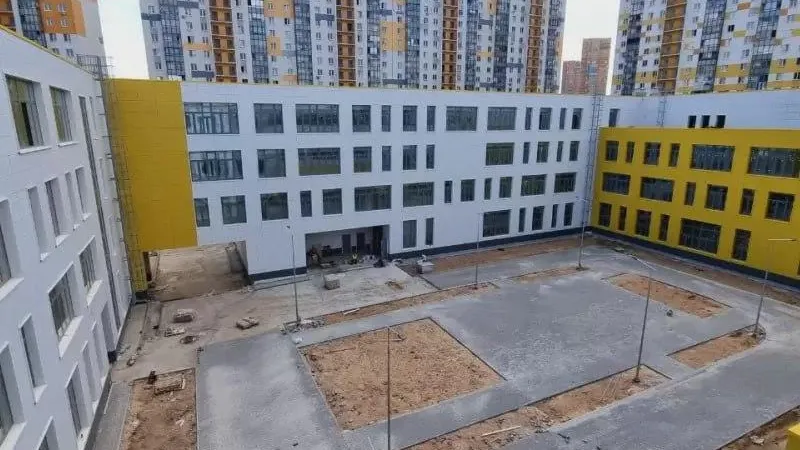 Строительство большой современной школы завершается в Мытищах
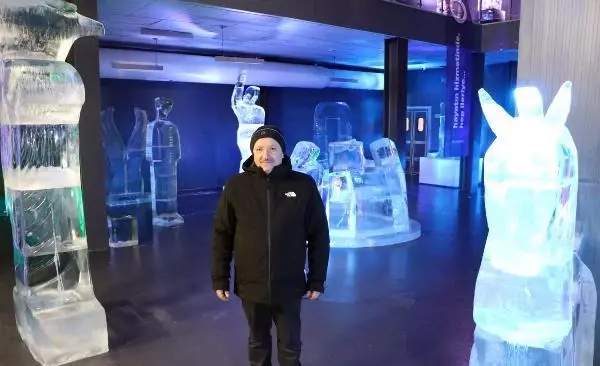 Son dakika gündem: Erzurum'da 'buz heykel' sergisi Son dakika gündem: Erzurum'da 'buz heykel' sergisi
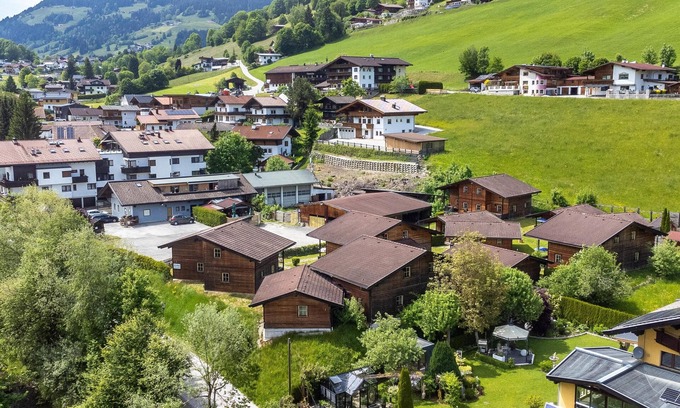 Niederau House | Two family-friendly chalets with a view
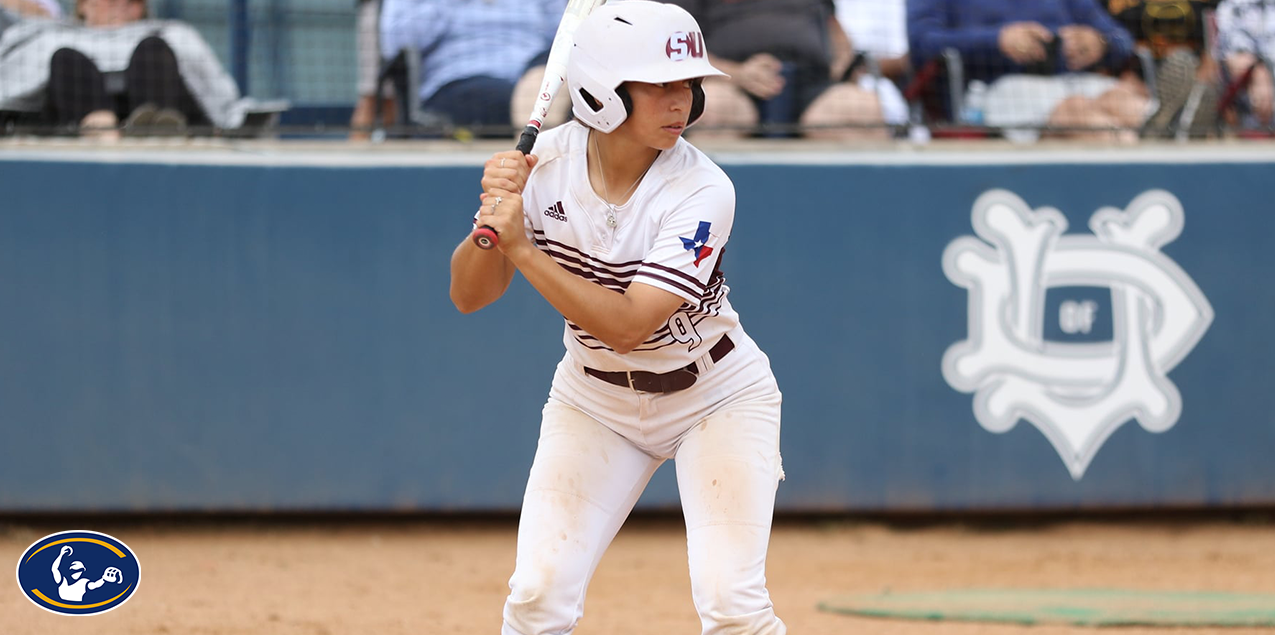 Danielle Pedraza, Schreiner University, Hitter of the Week (Week 1)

§ TO DO: Excluding pictures, reproduce the listing above exactly as it stands.

§ RESULT FOR THIS EXERCISE:
 Строительство большой современной школы завершается в Мытищах
 Son dakika gündem: Erzurum'da 'buz heykel' sergisi Son dakika gündem: Erzurum'da 'buz heykel' sergisi
 Niederau House | Two family-friendly chalets with a view
 Danielle Pedraza, Schreiner University, Hitter of the Week (Week 1)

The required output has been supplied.